In the West again (1907-09)
From August 1907 to July 1909 when the Nationalist movement was ebbing and many prominent revolutionaries were being imprisoned, Nivedita along with the Bose couple, went westward. She met her family after a long time and had taken simple Indian gifts for them like reed pens, palm-leaf books, small baskets, Tulsi-and Rudraksha Malas, incense, amulets, spice-boxes etc. Her mothee at that time lived in Clapham. She continued with her journalistic activity, both in Indian as well as British press, and helped create a favourable opinion on Indian questions among sympathetic Englishmen. She delivered quite a few lectures on diverse themes in England. On the side she continued to work on writings on her Master, what she considered as the most important work of her life, which finally came out as ‘The Master as I saw Him’ in 1910. This shall be discussed in greater detail in a separate section.
During this visit she again met Josephine Macleod – their first meeting after the passing away of Swamiji – the polestar of lives of both these ladies. She also spent a few days with the Bose couple in Germany.
She stayed in Ireland for a period where she fondly remembered her childhood days. Then she visited America and lectured at several places. Along with Mrs Bull and Jagadish Bose, she also planned the course of education of Bhupendranath Datta, who, as mentioned before, had been recently sent by her to America for higher education.
She met personalities in America who were sympathetic to the Indian cause like Reverend Jabez Sunderland whose major work on the colonial exploitation of India titled ‘India in Bondage, Her Right to Freedom and a Place among Nations’ had significant impact on Indian patriots of the day. Bhupendranath too was in touch with him and was deeply influenced by his ideas.
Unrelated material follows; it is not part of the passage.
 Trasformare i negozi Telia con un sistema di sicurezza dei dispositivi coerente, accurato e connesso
She met for a brief time Frank J. Alexander, a journalist, who later became a major collaborator in the grand project of writing the biography of Swami Vivekananda titled ‘The Life of Swami Vivekananda: By his Eastern and Western Disciples’. Nivedita too had contributed substantially to this work. The two met at the New York Grand Central Station for about 45.minutes. Alexander later recalled this recalled this meeting as follows :
During my journalistic experience of five or six years, during which time I have interviewed all types of people from United States senators to interesting hodcarriers and from famous artists to turbulent leaders of labour, I have never met a personality which impressed me in less than am hour’s time with being possessed of such a synthetic mind and cyclonic personal energy.”
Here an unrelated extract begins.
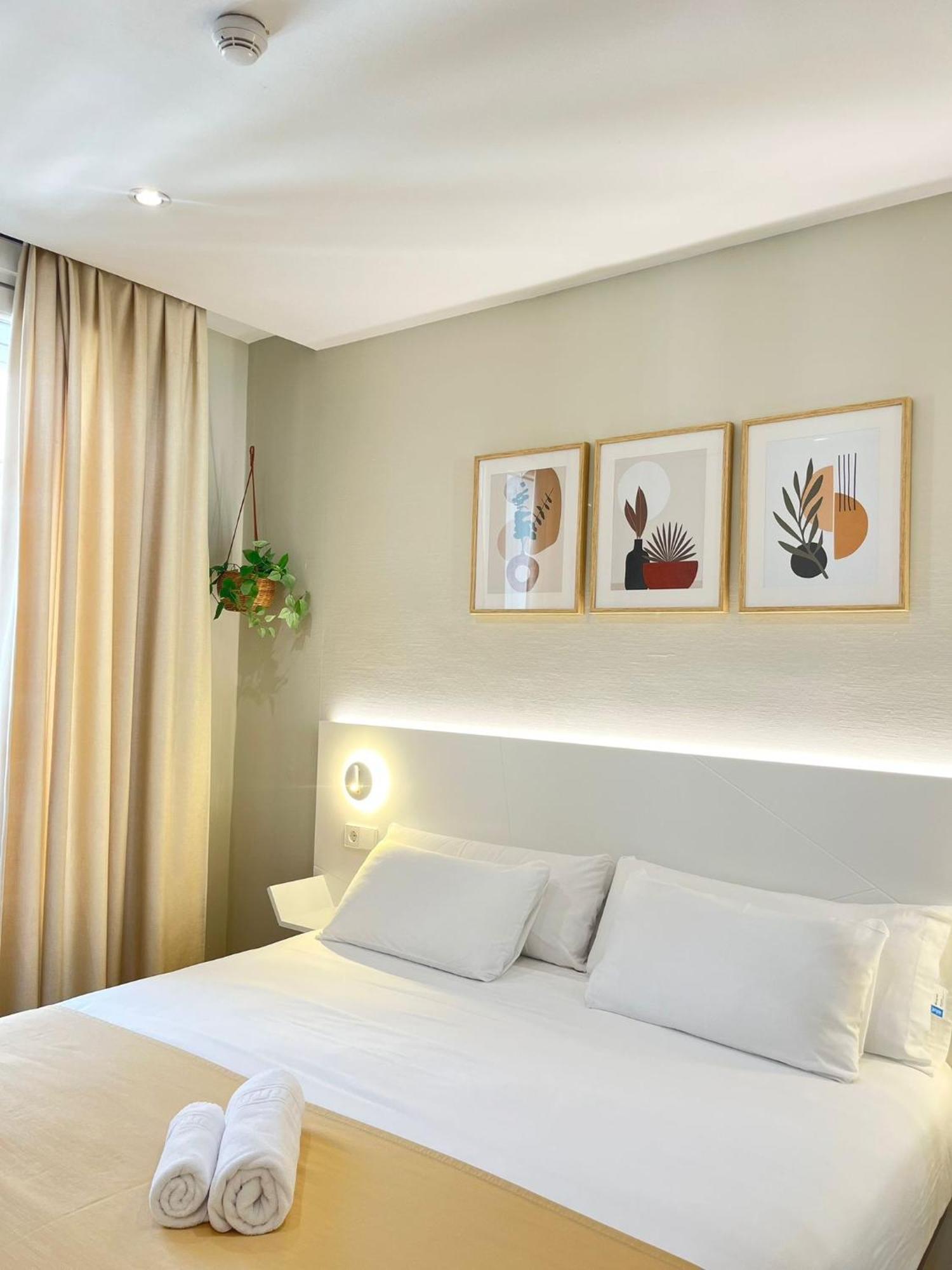 Hostal Sol Square Madrid Exterior foto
Later Alexander arrived in India in 1911 and spent two years at Advaita Ashram in Mayawati in the Kumaon hills. Two years later he moved to Almora with the aim of doing intense Tapasya. His failing health forced him to return to America in 1915 where he passed away two years later. He was a major contributor to Ramakrishna Order’s journal Prabuddha Bharata and authored a book titled ‘Thoughts on Meditation’.
While she was in America Nivedita came to know of her mother’s failing health. As result she rushed back and served her mother during her last days. Her mother passed away in January 1909. Her mother was given a cremation, not a burial, and her ashes were later buried beside the burial site of her father at the cemetery of Great Torrington in Devonshire.